DATA EXTRACTS:
◆ ◆ ◆ ◆ ◆
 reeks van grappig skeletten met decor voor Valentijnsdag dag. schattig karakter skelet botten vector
◆ ◆ ◆ ◆ ◆
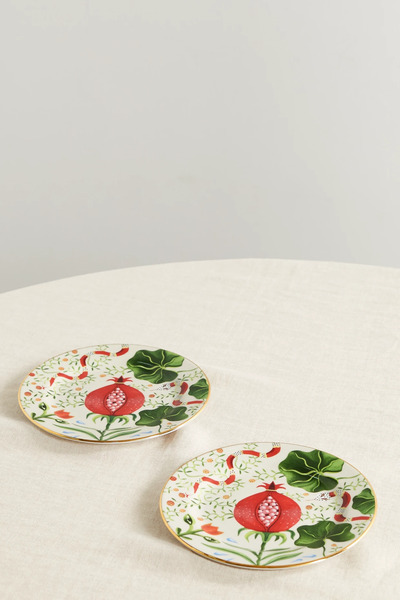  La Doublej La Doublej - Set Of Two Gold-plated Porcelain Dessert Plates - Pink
◆ ◆ ◆ ◆ ◆
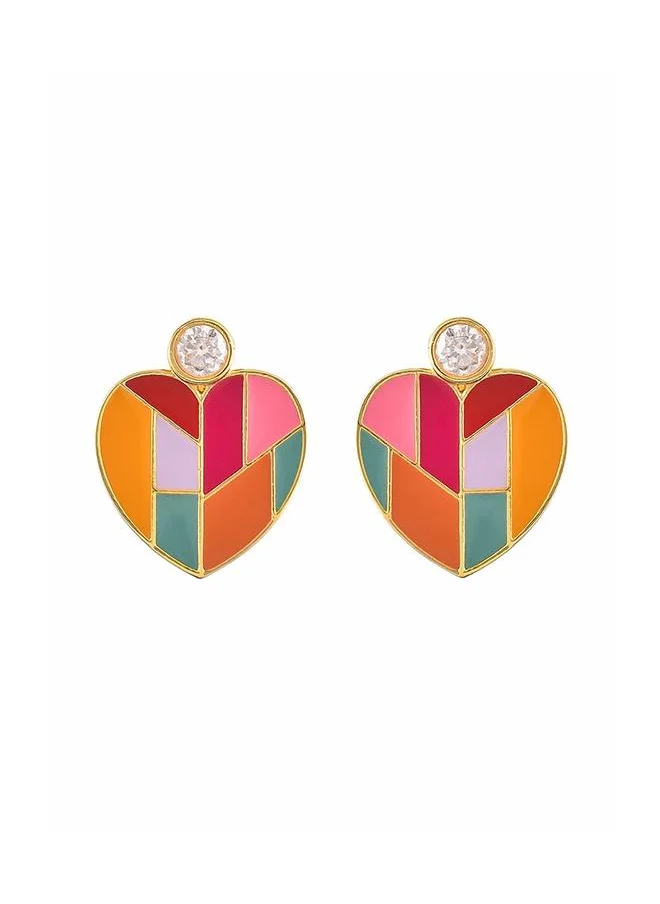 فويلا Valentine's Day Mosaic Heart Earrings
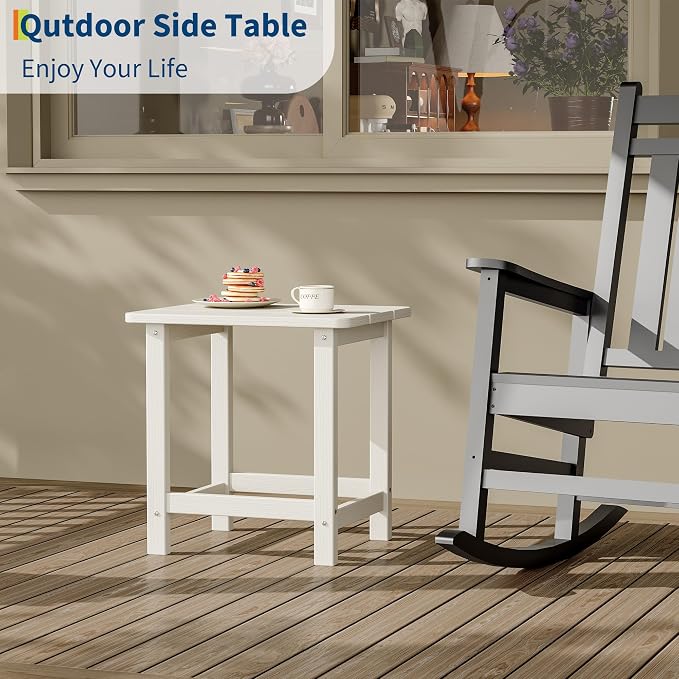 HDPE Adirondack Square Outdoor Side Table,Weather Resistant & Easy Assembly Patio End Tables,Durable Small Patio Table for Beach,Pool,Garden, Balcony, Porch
◆ ◆ ◆ ◆ ◆
INSTRUCTIONS FOR THE TASK:
Output only the lines above from the line that holds "فويلا Valentine's Day Mosaic Heart Earrings" through the line that holds "HDPE Adirondack Square", both ends included, and exclude pictures.

REPLY TO THE EXERCISE:
 فويلا Valentine's Day Mosaic Heart Earrings
 HDPE Adirondack Square Outdoor Side Table,Weather Resistant & Easy Assembly Patio End Tables,Durable Small Patio Table for Beach,Pool,Garden, Balcony, Porch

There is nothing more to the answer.